I have a built A4LD with a transgo shift kit and upgraded valve body, upgraded 5r55e gears and clutch packs with all new solenoids and bands and drums. I run a external cooler from a F350 and have a trans temp gauge before the cooler. On a normal day 80 degrees or so the trans will be around 140 with the converter left in stock form and with it locked the majority of the drive will not exceed 120. When I was driving through Wyoming on a 100 degree day it got up to 175 with AC cranking the entire time. Also keep in mind these are pre-cooled numbers. I have removed the pan and filter after several months of usage and found no abnormal clutch wear or damage. I took the signal wire from the PCM which is pin 53, please count the terminals on the connector itself as the 91 has 2 tan/white wires. One for the TCC and one for the injector signals. I "Y"d it into a separate 2 pin On OFF switch which the secondary pin goes to ground. This allows me to either A allow flow through the factory wire and retain factory style lock up engagement or over ride it with a ground signal regardless if the PCM is commanding a ground. I drilled a hole on the panel below the steering wheel to mount the switch, so I just reach below my leg and flip it on or off. One day I will make it all fancy by using green and red LED with a display to show if the PCM is commanding a lockup VS my manual lock-up but this is perfectly functional.

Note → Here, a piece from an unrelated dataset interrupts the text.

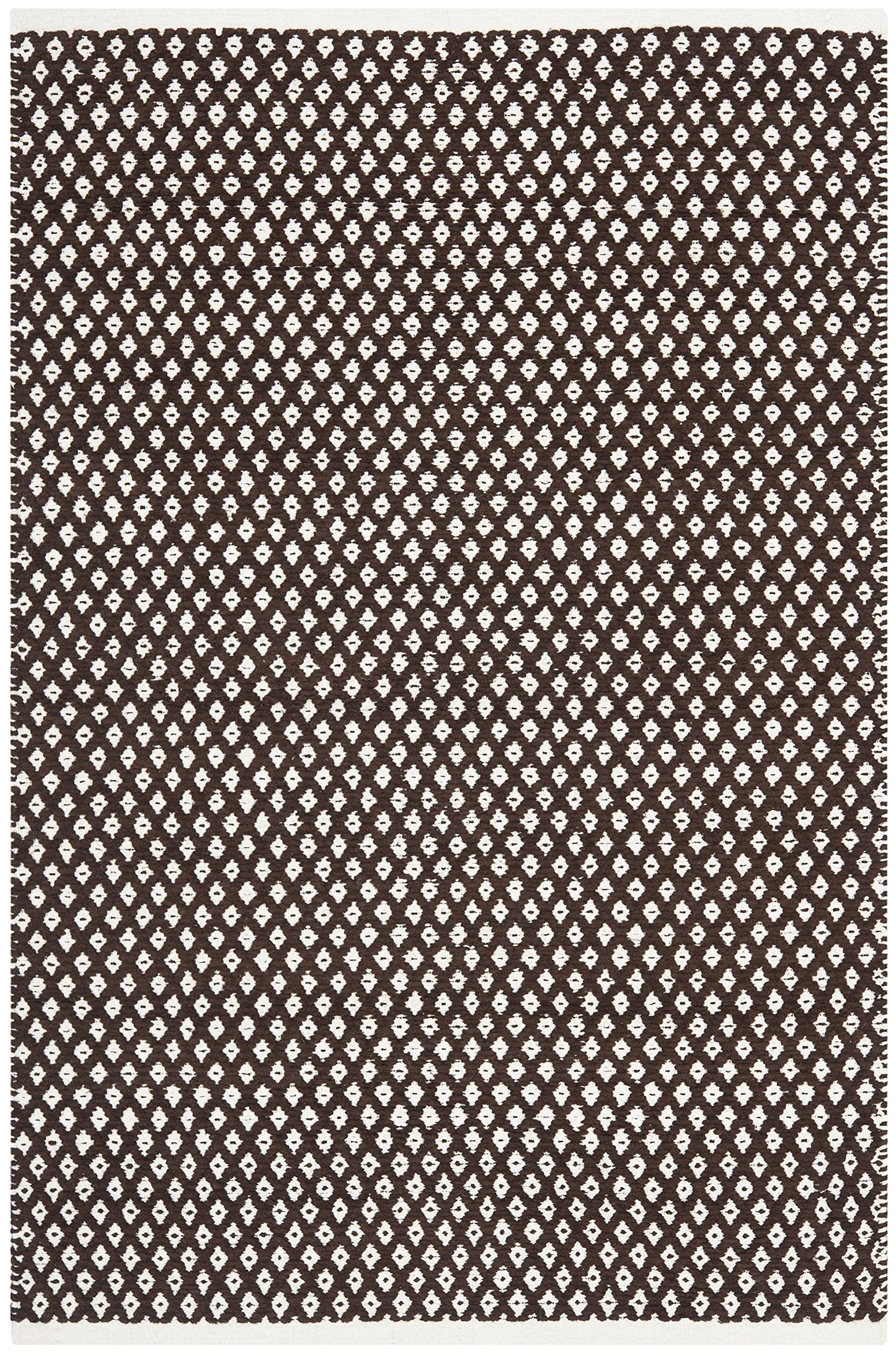 SAFAVIEH Boston Collection 4' x 6' Brown BOS685A Handmade Flatweave Cotton Area Rug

This works, and I feel is a must have mod to improve the driving experience for any A4LD.
 






Nice write up. I just set you up with Elite membership time for your trouble.
 






Nice write up. I just set you up with Elite membership time for your trouble.
It's much appreciated. I've got an interesting troubleshoot I've been working on that helps explain the EDIS module using a 4 channel labscope for an odd idle, hopefully it will help other people diagnose weird idling issues or misfire issues but work has been busy so hopefully I can finish it up soon.
 






Let me know when it's posted and I will add more time to the account.